Available records:
★ ★ ★ ★ ★ ★ ★

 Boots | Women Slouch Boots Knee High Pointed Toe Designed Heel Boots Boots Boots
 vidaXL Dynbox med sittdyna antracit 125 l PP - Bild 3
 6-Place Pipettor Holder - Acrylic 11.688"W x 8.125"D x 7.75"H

★ ★ ★ ★ ★ ★ ★

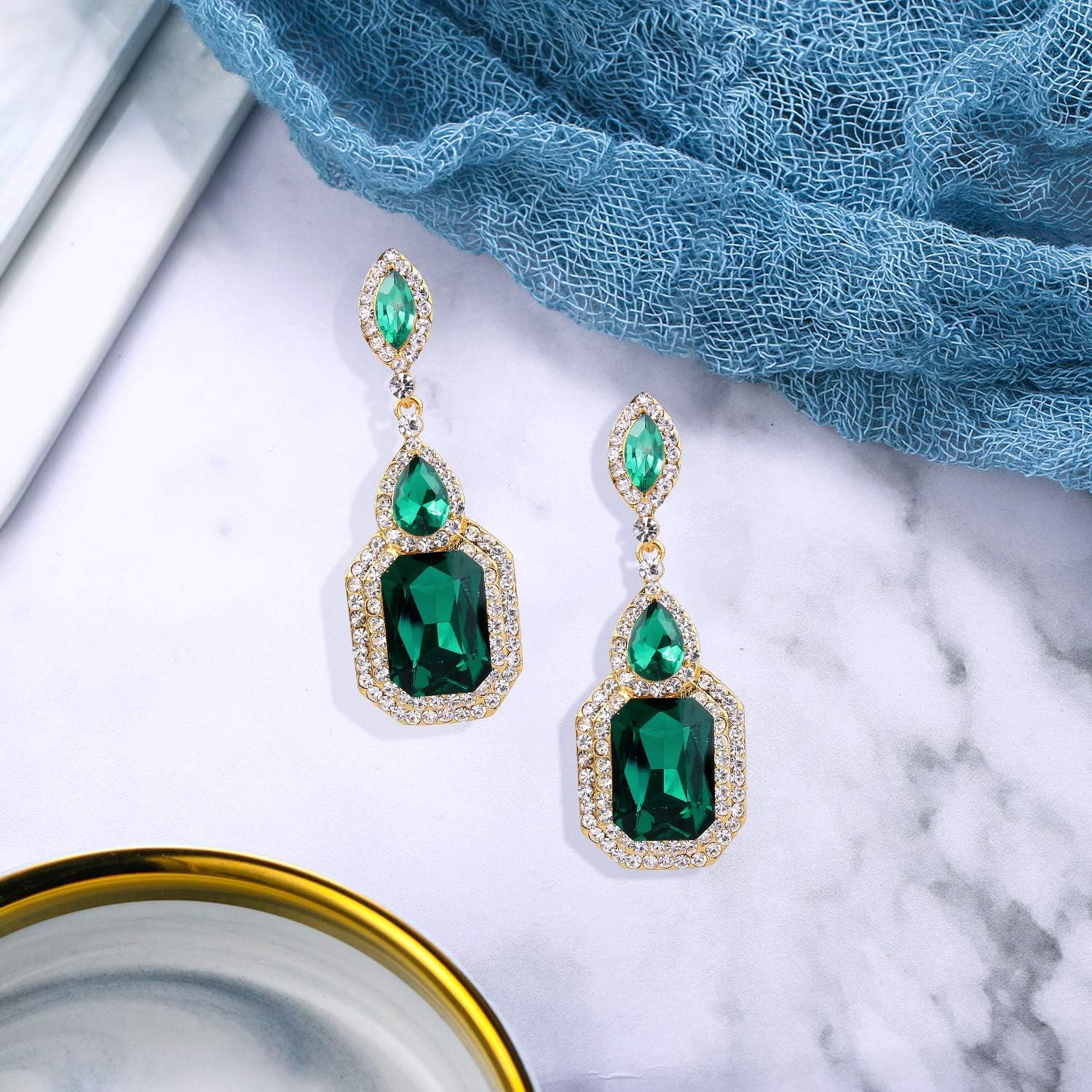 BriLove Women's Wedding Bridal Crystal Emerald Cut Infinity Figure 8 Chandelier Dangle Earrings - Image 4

★ ★ ★ ★ ★ ★ ★

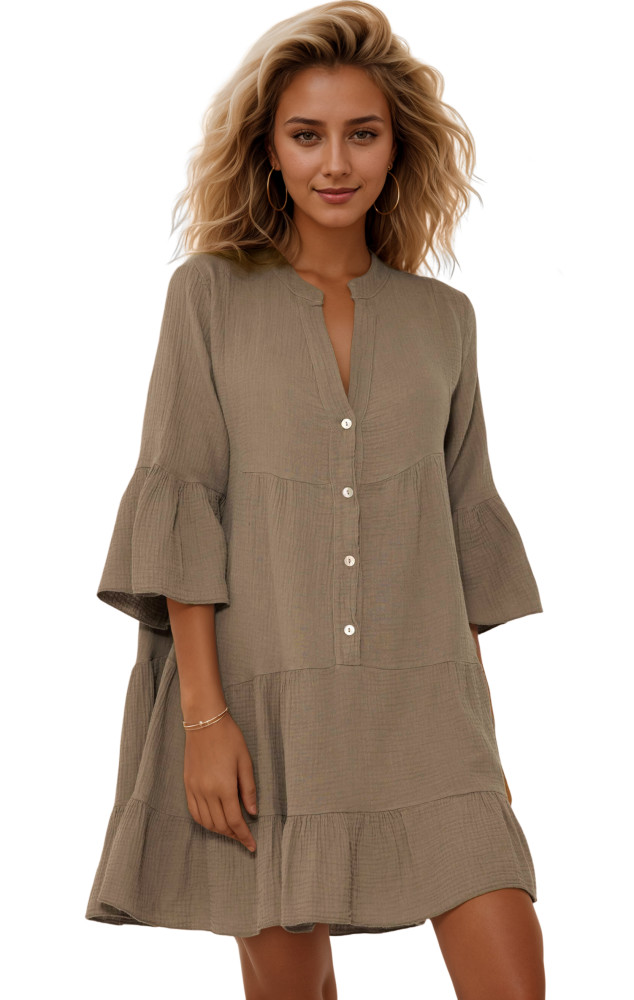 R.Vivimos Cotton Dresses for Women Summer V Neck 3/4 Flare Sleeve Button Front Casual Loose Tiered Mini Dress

★ ★ ★ ★ ★ ★ ★

What you will do:
Take from the material above the lines running from the one with "vidaXL Dynbox med" through the one with "6-Place Pipettor Holder", and repeat them exactly, with nothing else.

Exercise result:
 vidaXL Dynbox med sittdyna antracit 125 l PP - Bild 3
 6-Place Pipettor Holder - Acrylic 11.688"W x 8.125"D x 7.75"H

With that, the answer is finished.